# Camping Lough Neagh



## 96088 (Aug 22, 2005)

Is there really only one campsite by Lough Neagh?

Despite a thorough search of tinternet I can only find this one. 

Antrim Lough Shore Park.

Do any locals out there know different?

What is the area like for wild camping?

Thanks in advance for all the suggestions that will no doubt flood in 8O


----------



## jams101 (Dec 22, 2006)

Ballyronan Marina

Not sure what this link will come out like, but this place on the the western side of the Lough.....

Wiki Site for Ballyronan

I used to live in Randalstown and Antrim, the lough shore site is kinda new and is local council run....the main problem would be that the boy racers of which I was one use the carpark to the front of the site...

It is also beside a boat club, there is a very good leisure centre and some nice gardens in the old castle grounds.

Give me a shout if you want more information.

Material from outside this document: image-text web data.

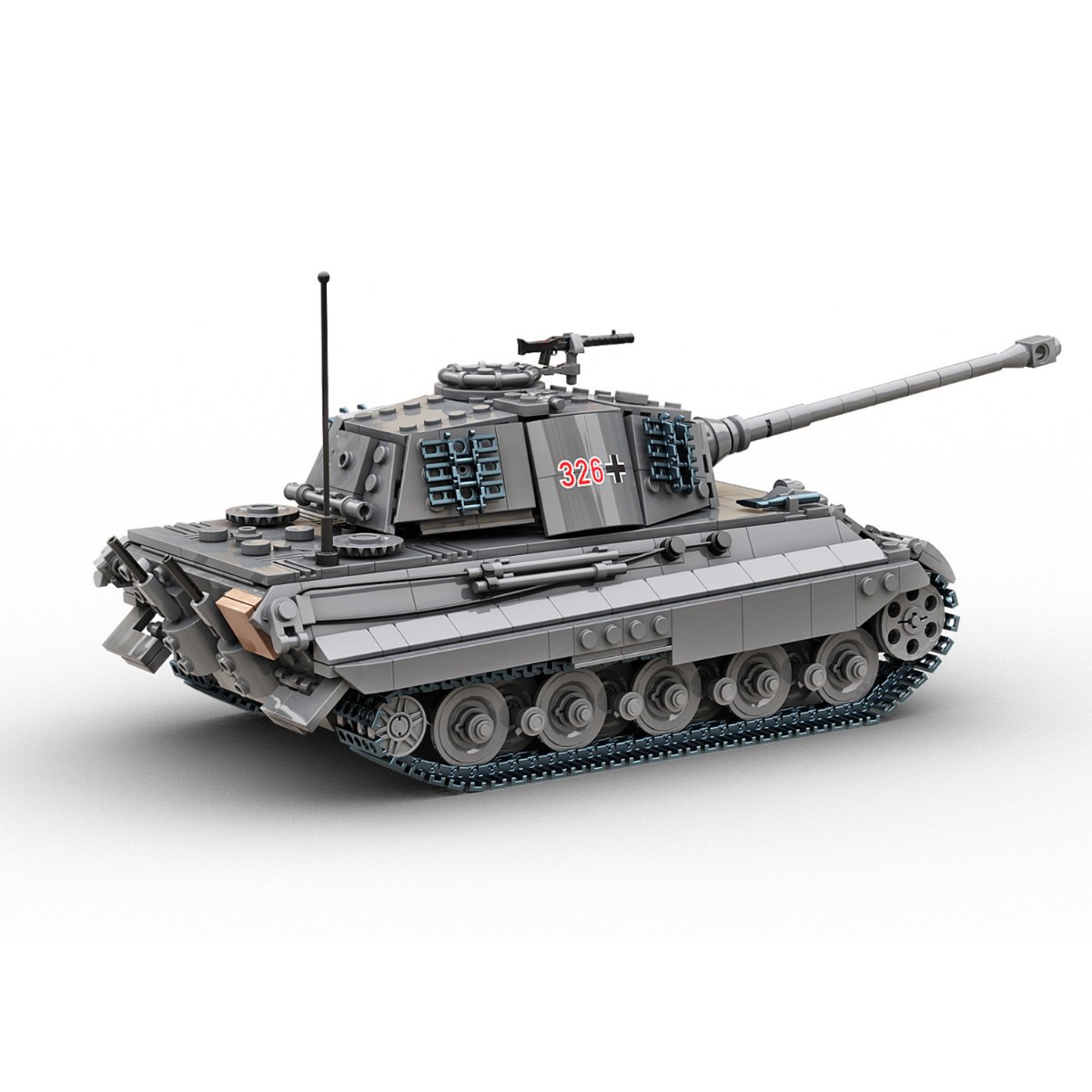 Build Army King Tiger (Tiger ll) Grey Brick Model - 1:33 Scale - Phillips Hobbies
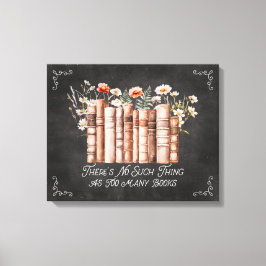 Boeken met bloemen en citaat op zwart schoolbord canvas afdruk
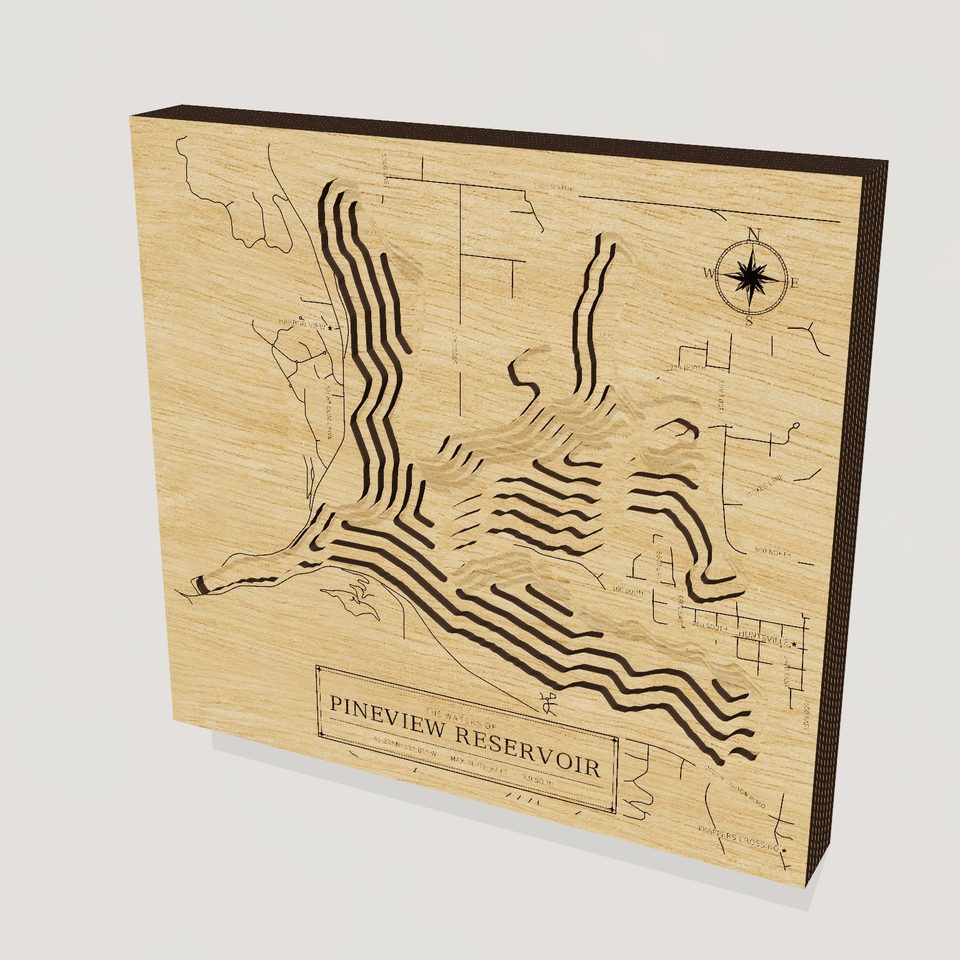 Pineview Reservoir 3D wood map, hero view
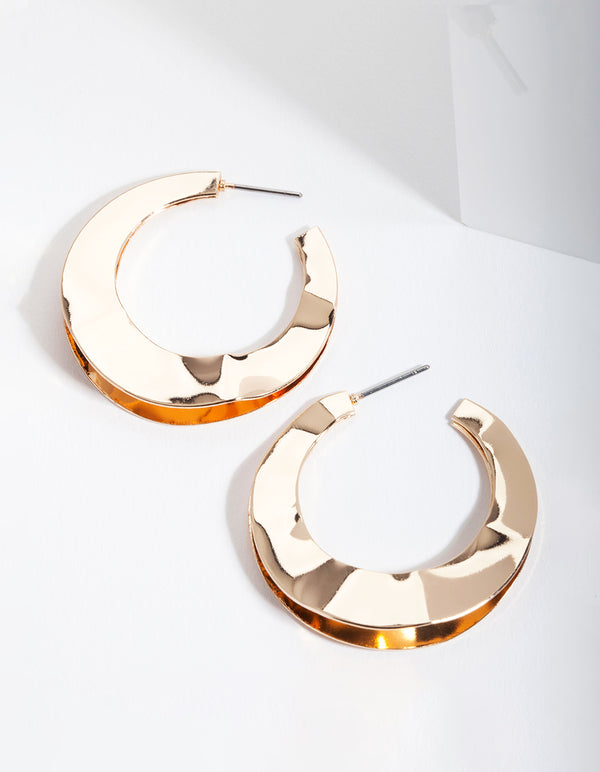 Gold Double Wobble Hoop Earrings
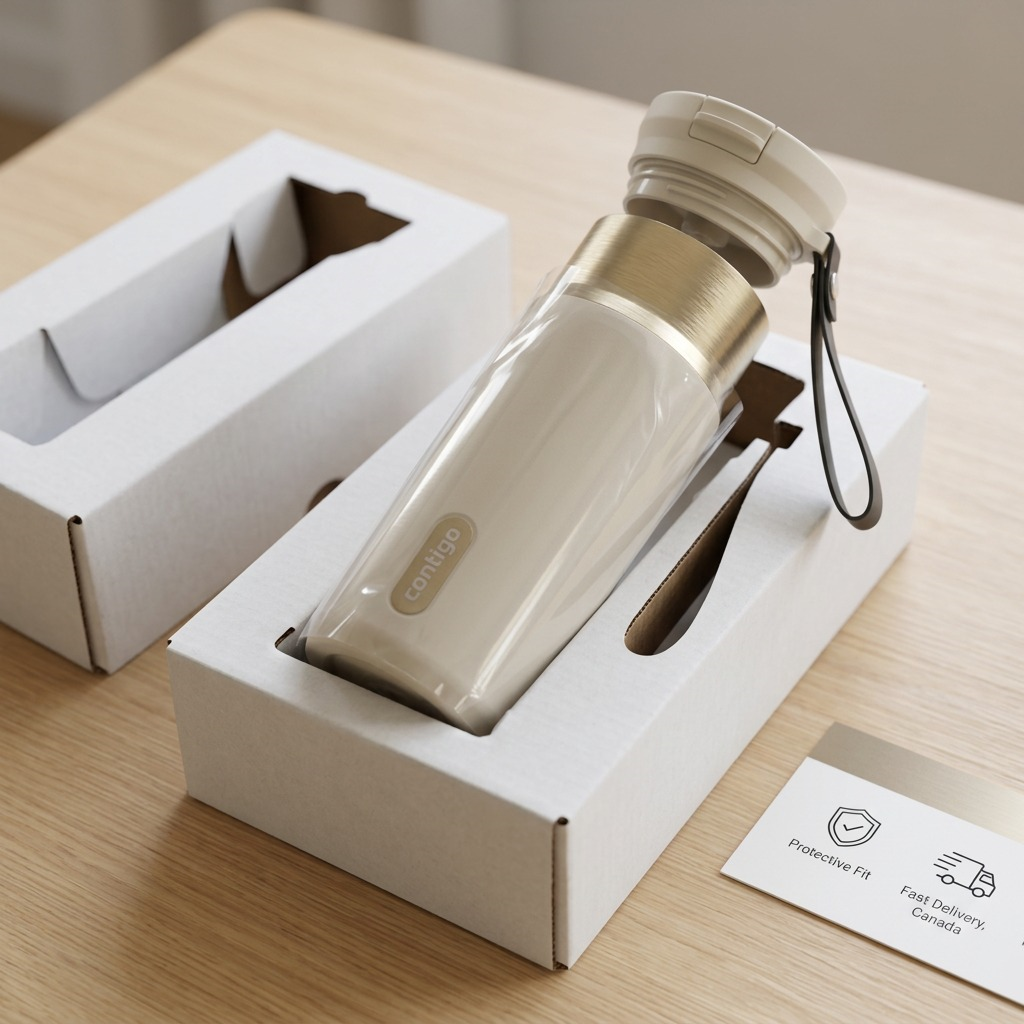 Contigo 16oz Snapseal PVD Travel Mug in Oatmilk being unboxed from a secure, custom-fit white box.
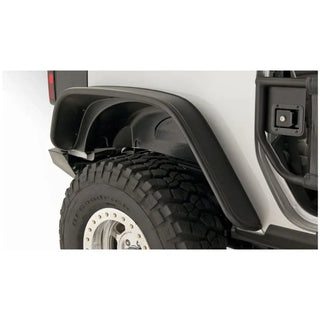 Bushwacker Flat Style Fender Flares 2pc (REAR): Jeep Wrangler (2007-2018) - Black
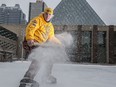 Steve McNeil, of Toronto, skates for 19 hours and 26 minutes to raise awareness and funds for Alzheimer's disease on January 20, 2020 at city hall in Edmonton. He brings his 1926 Skate to the South Side rink at Garrison Petawawa on Saturday, Jan. 22. Photo by Shaughn Butts / Postmedia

Northern Ireland is a very peaceful place, always was, the trouble was isolated to specific areas and people. You are not likely to meet any hassle if you choose to wild camp. I am new to wild camping and I can think of one place that could be nice for an overnight with a pub. Can be quite lively, right on the lough shore. I will pm you the location if you are interested....


----------



## 96088 (Aug 22, 2005)

Thanks Jams

A PM would be great


----------